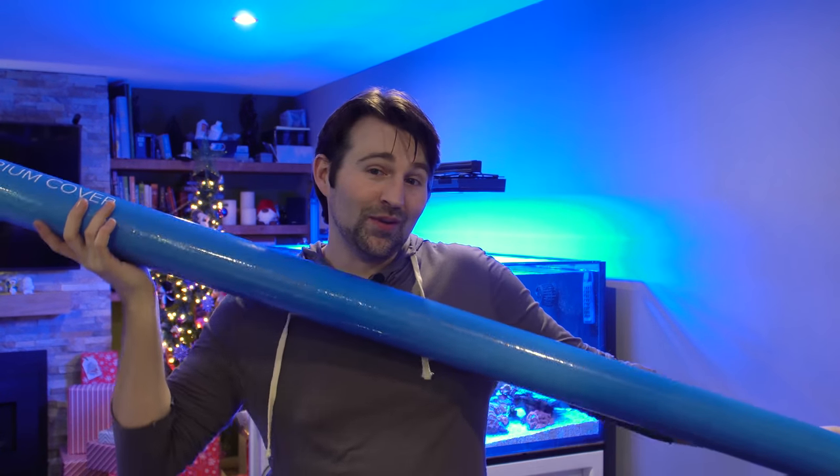I want to wish you guys happy holidays. In the Christmas spirit, we are also giving away a Jump Guard. Check out the rules below — click on the link and you can enter to win one of these babies.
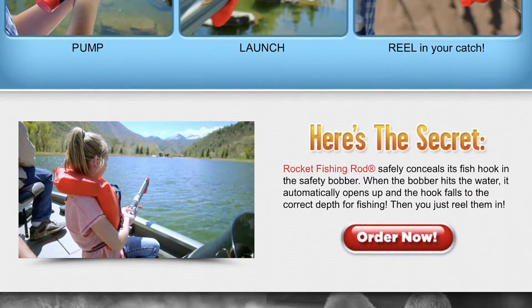If you need complete instructions on how to properly use your rocket fishing rod, please visit rocketfishingrod.com. If you have additional questions, please call 855-258-8214 or email info at goliathgames.com. Happy fishing!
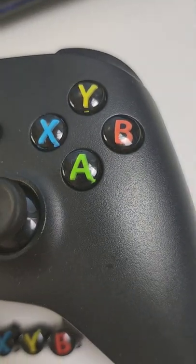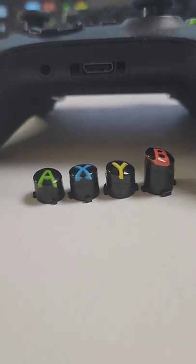I want to show you something you probably don't know about these little buttons that live on your Xbox controller. When you pull them out, you can see they look pretty normal from on top, but the B button has clearly been eating his broccoli.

▸ **Action item**:
Starting with the line that holds "If you need", transcribe exactly each line through the last one of the material above, and nothing else. Do not include pictures.

▸ **Response below**:
If you need complete instructions on how to properly use your rocket fishing rod, please visit rocketfishingrod.com. If you have additional questions, please call 855-258-8214 or email info at goliathgames.com. Happy fishing!
I want to show you something you probably don't know about these little buttons that live on your Xbox controller. When you pull them out, you can see they look pretty normal from on top, but the B button has clearly been eating his broccoli.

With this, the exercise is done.